--- The data Enclosed Below ---

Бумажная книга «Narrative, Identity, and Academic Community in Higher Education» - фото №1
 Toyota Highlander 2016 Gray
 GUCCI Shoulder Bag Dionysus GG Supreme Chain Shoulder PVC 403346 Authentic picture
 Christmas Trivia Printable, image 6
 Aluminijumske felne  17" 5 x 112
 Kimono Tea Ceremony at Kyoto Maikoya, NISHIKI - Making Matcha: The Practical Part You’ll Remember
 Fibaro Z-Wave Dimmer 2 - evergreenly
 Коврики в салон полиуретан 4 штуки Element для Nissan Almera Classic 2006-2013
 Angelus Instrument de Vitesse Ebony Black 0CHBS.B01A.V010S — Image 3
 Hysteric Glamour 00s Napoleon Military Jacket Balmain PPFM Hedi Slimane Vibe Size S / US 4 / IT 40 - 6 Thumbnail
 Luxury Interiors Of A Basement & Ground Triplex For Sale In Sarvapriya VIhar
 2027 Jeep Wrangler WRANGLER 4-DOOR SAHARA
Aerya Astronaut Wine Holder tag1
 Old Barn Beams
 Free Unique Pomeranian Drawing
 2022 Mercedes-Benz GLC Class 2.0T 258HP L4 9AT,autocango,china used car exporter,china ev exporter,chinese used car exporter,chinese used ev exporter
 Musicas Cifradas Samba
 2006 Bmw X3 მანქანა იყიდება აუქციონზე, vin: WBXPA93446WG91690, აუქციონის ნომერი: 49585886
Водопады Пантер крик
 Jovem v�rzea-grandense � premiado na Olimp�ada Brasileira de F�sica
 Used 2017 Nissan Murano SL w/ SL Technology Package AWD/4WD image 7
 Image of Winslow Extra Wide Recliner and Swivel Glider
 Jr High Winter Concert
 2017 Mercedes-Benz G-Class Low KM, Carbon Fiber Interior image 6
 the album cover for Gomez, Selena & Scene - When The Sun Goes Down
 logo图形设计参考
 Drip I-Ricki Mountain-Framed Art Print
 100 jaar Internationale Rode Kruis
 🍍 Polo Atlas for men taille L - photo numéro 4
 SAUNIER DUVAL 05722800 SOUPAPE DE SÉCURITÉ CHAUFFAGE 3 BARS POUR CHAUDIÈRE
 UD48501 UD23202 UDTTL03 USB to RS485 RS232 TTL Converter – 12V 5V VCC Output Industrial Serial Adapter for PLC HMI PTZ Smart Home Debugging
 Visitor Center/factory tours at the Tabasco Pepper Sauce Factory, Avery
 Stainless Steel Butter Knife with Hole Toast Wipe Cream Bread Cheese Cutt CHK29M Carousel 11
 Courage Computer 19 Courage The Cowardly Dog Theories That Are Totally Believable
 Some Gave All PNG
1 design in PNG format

--- End of Enclosed The data ---

Determine how many lines in the listing above contain "Benz", giving the number and no other words.

2